Every entry below should be returned exactly as it appears, with pictures left out.

Brief descriptive captions:
..........

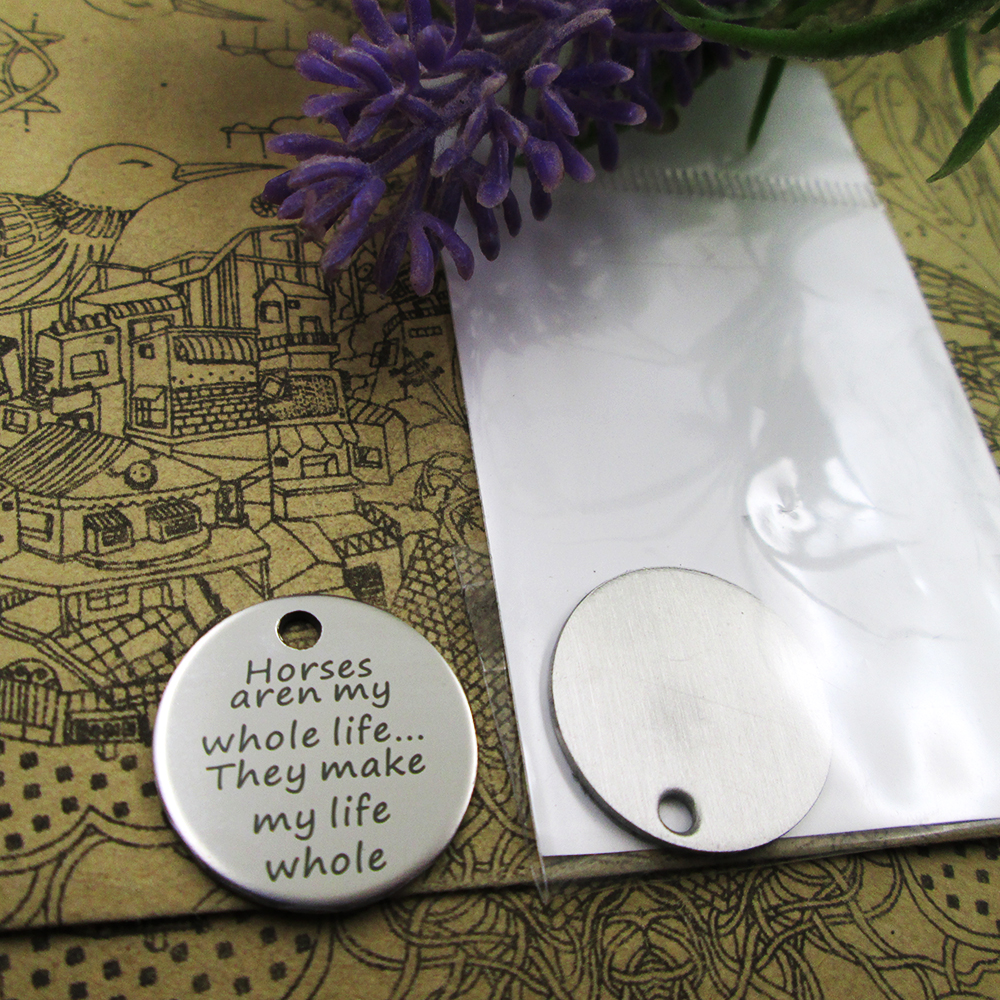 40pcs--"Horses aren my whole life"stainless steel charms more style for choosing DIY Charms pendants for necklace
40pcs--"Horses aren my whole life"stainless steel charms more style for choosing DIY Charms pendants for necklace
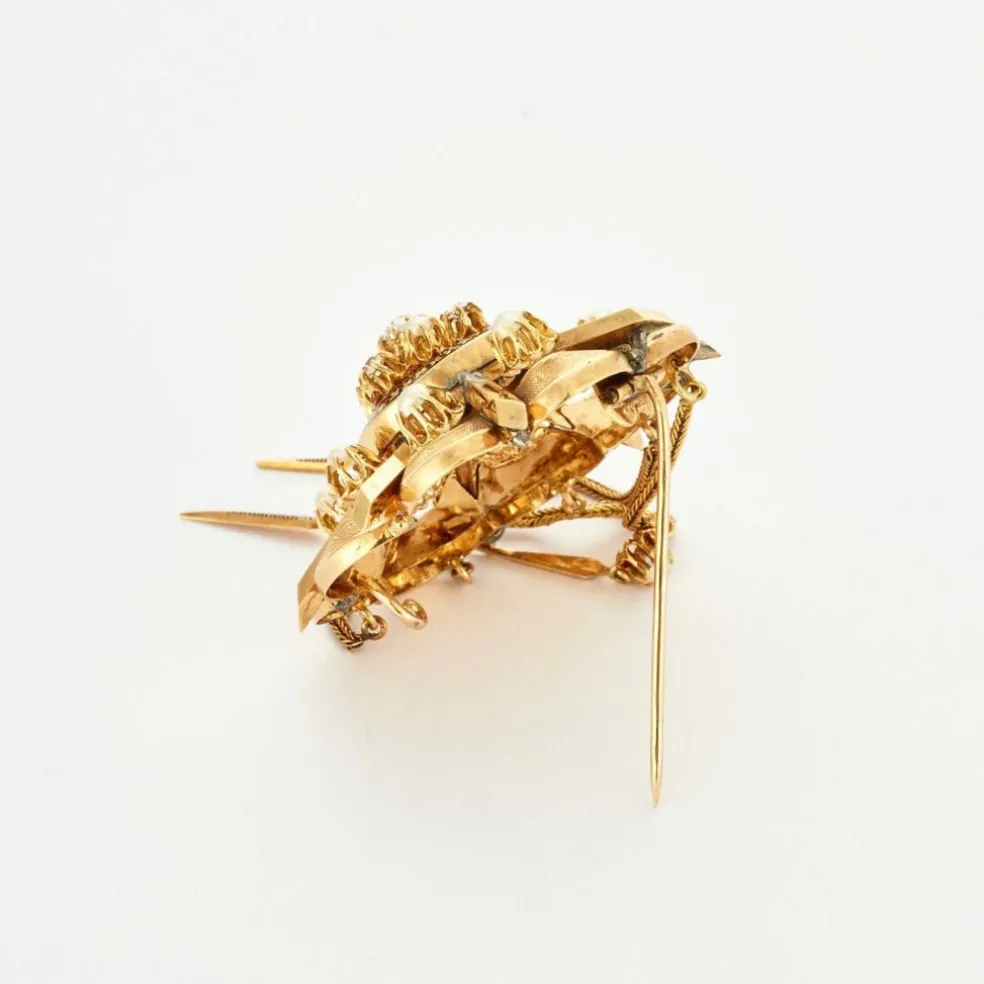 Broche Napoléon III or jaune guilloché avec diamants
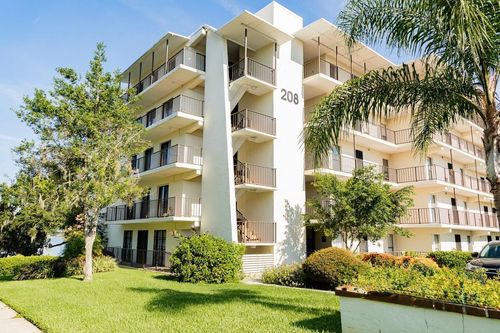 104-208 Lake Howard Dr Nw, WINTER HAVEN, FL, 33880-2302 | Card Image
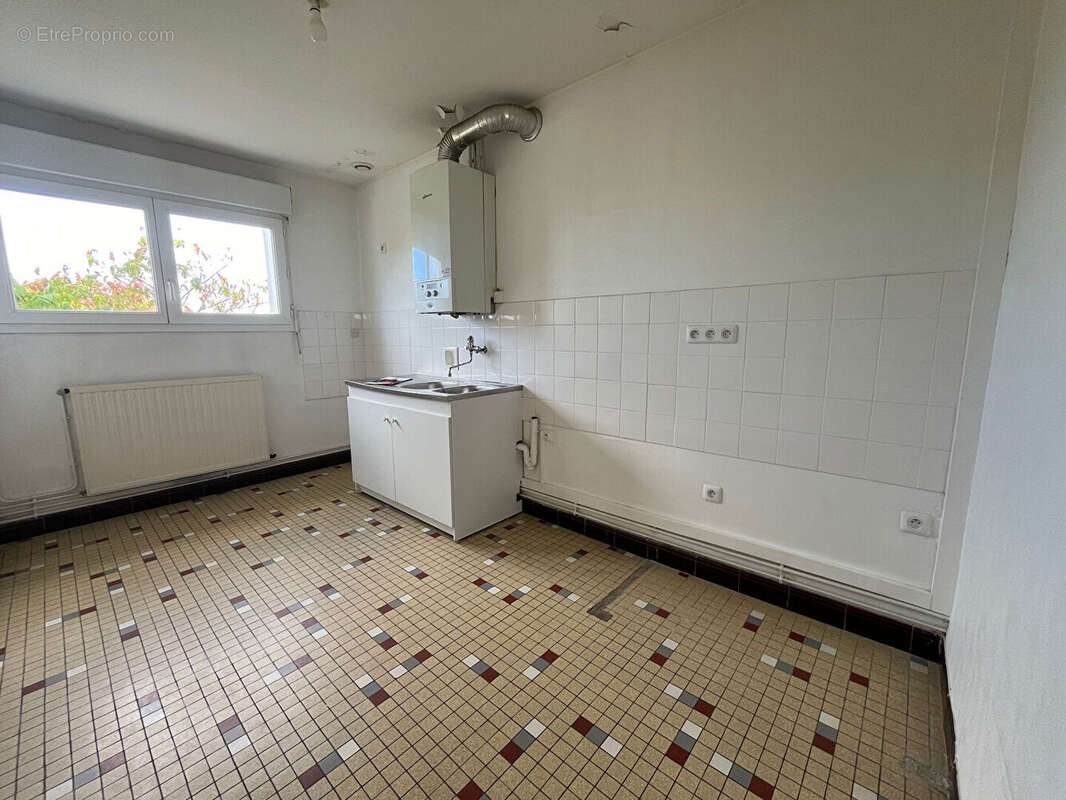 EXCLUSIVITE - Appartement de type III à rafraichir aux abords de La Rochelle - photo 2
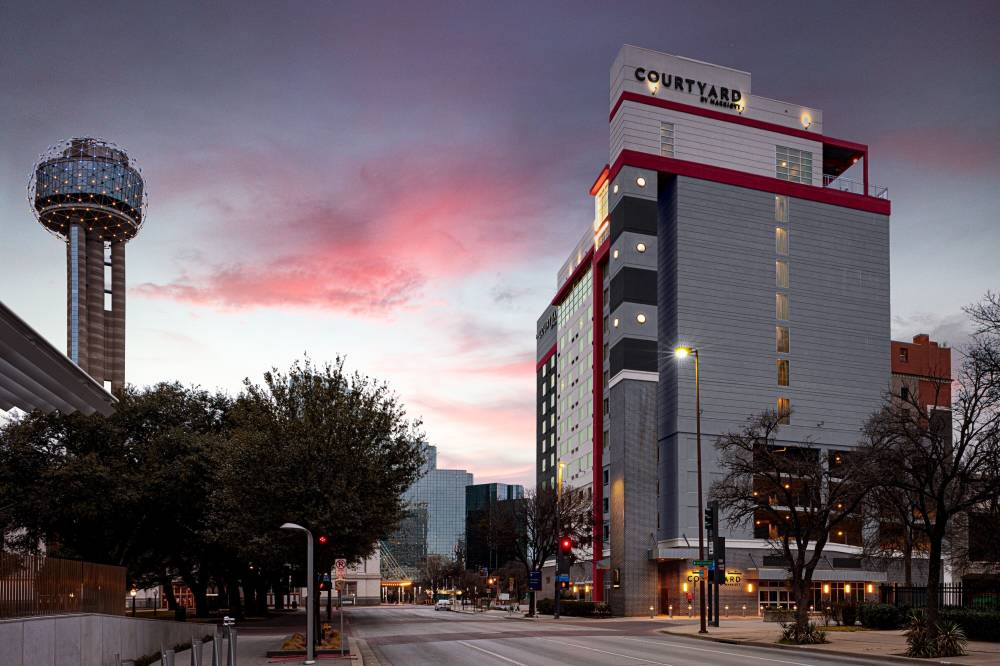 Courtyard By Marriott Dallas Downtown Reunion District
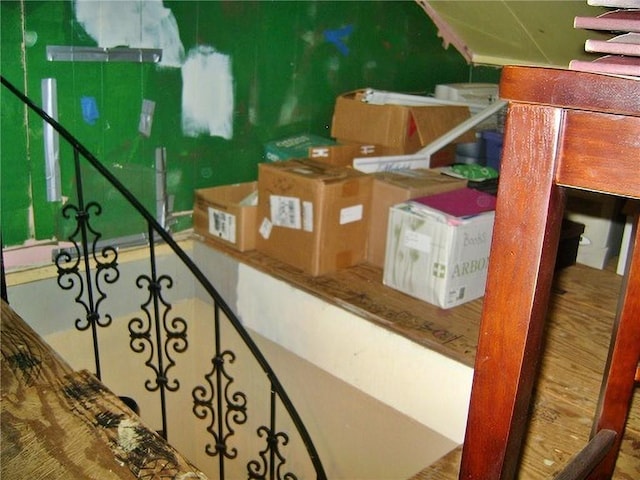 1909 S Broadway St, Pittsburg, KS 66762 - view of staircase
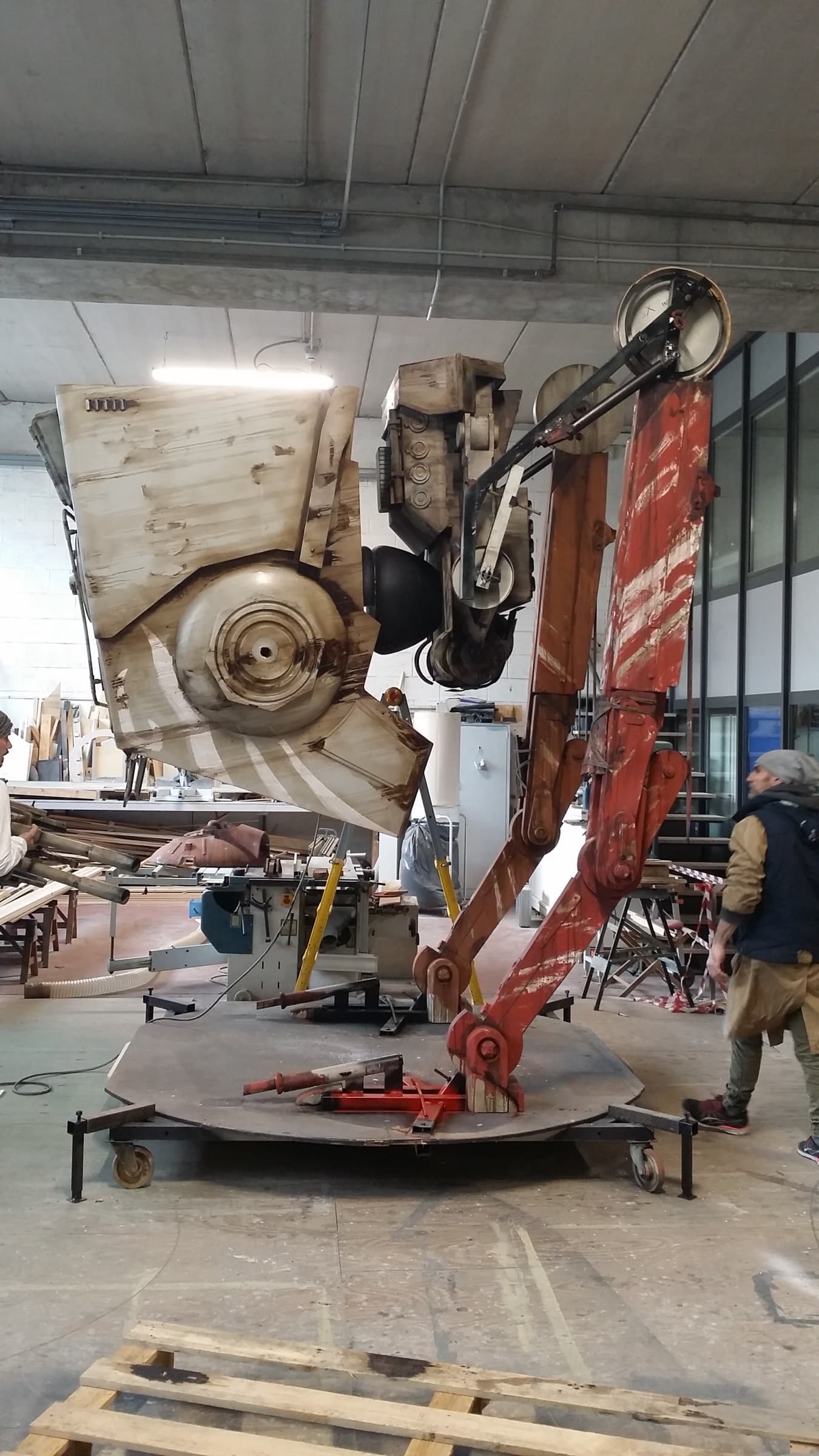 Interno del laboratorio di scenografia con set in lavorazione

..........

SOLUTION:
 40pcs--"Horses aren my whole life"stainless steel charms more style for choosing DIY Charms pendants for necklace
40pcs--"Horses aren my whole life"stainless steel charms more style for choosing DIY Charms pendants for necklace
 Broche Napoléon III or jaune guilloché avec diamants
 104-208 Lake Howard Dr Nw, WINTER HAVEN, FL, 33880-2302 | Card Image
 EXCLUSIVITE - Appartement de type III à rafraichir aux abords de La Rochelle - photo 2
 Courtyard By Marriott Dallas Downtown Reunion District
 1909 S Broadway St, Pittsburg, KS 66762 - view of staircase
 Interno del laboratorio di scenografia con set in lavorazione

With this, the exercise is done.